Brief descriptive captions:
# # # #

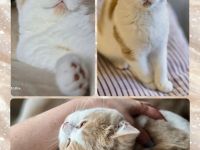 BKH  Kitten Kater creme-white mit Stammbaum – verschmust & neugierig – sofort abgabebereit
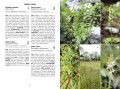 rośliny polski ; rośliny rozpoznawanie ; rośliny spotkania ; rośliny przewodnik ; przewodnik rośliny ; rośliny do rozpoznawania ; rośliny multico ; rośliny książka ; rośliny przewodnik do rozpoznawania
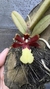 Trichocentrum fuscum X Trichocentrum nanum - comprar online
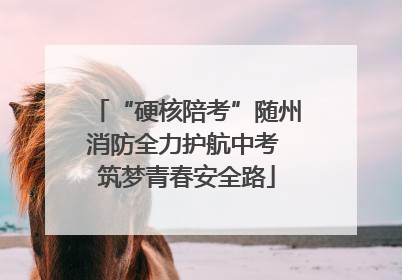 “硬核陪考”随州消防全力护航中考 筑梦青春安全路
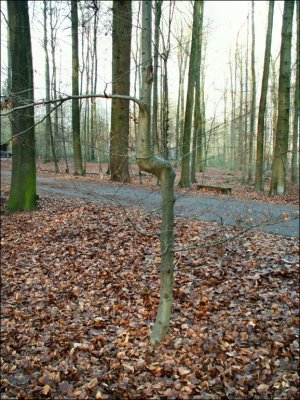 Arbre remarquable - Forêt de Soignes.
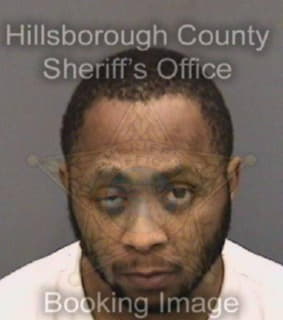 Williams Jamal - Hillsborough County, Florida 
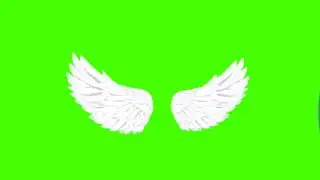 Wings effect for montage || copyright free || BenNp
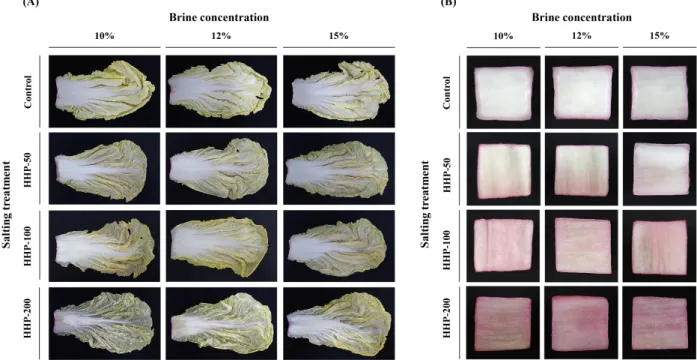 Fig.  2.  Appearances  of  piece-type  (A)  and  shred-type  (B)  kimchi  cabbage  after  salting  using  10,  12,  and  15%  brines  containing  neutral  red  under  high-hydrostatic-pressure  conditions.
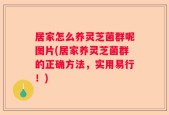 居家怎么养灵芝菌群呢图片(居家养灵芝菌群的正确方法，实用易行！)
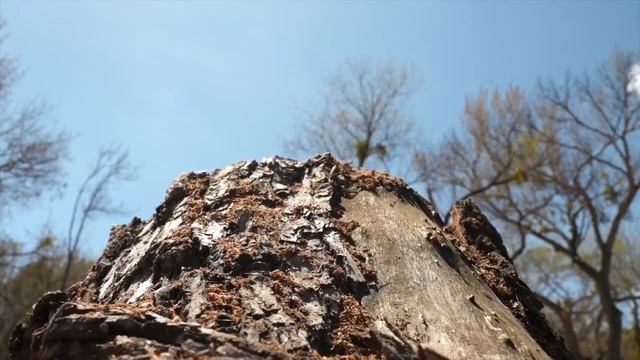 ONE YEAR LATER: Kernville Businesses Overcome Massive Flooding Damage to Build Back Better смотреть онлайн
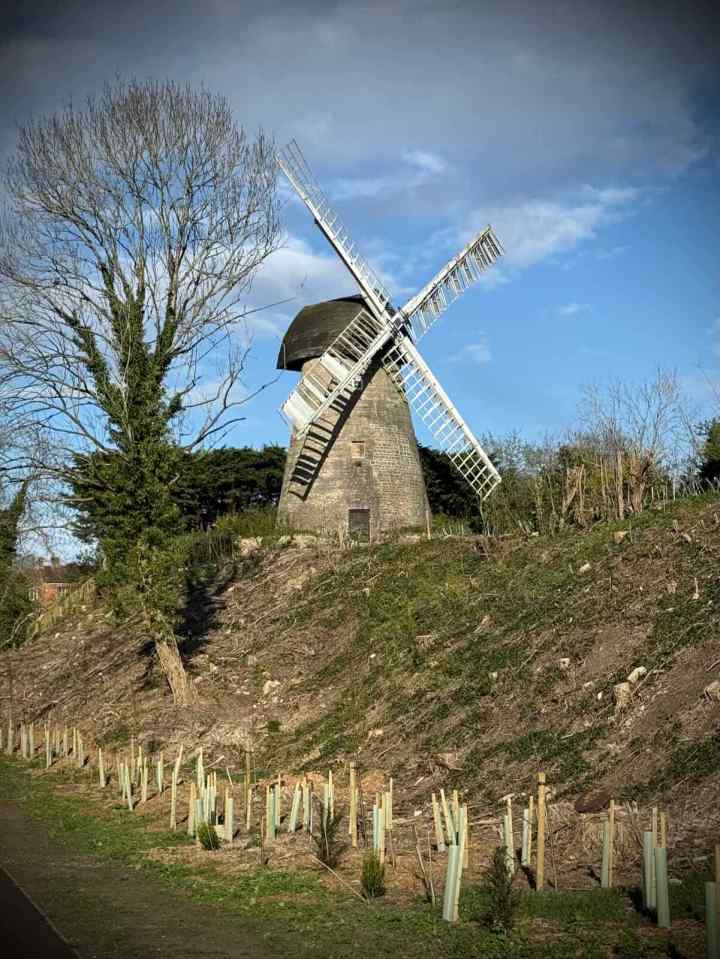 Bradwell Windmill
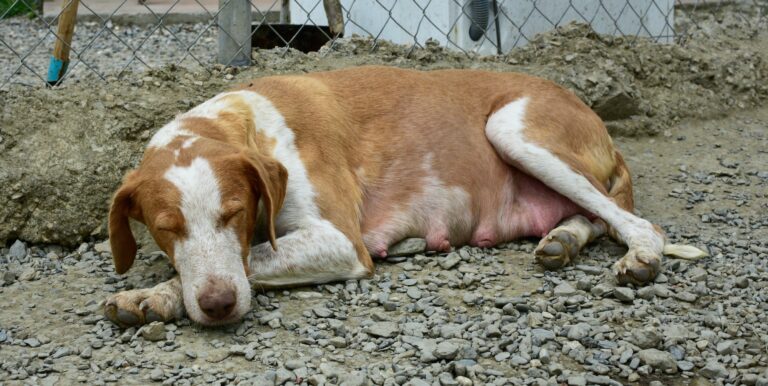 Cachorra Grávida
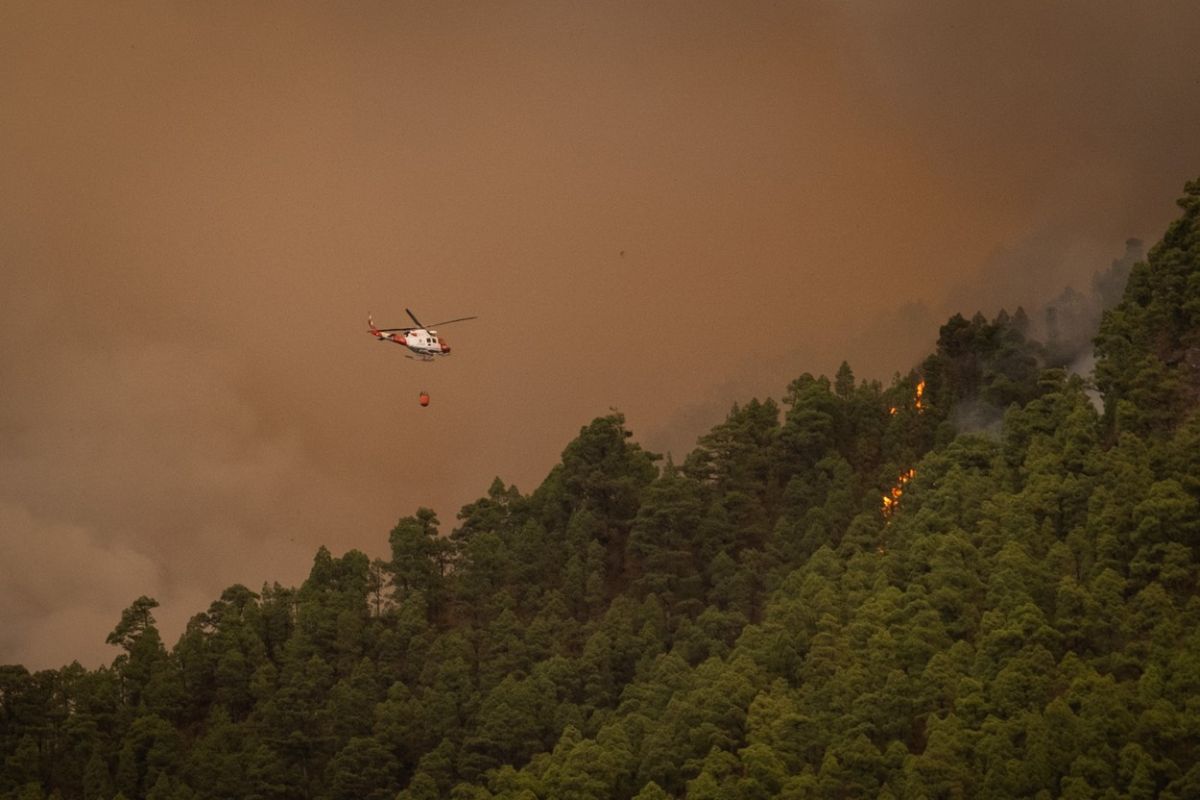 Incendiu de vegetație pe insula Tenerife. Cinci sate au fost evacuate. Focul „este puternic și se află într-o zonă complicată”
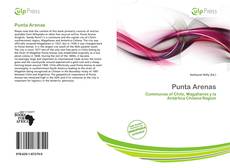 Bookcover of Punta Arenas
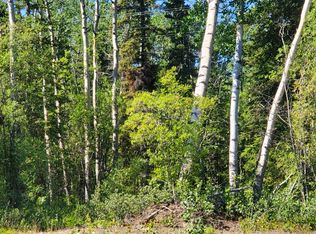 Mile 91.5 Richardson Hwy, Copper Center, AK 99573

# # # #

Omitting all pictures, restate word for word the lines from the one containing "Incendiu de vegetație" through the last line of the data.

• **Task answer**:
 Incendiu de vegetație pe insula Tenerife. Cinci sate au fost evacuate. Focul „este puternic și se află într-o zonă complicată”
 Bookcover of Punta Arenas
 Mile 91.5 Richardson Hwy, Copper Center, AK 99573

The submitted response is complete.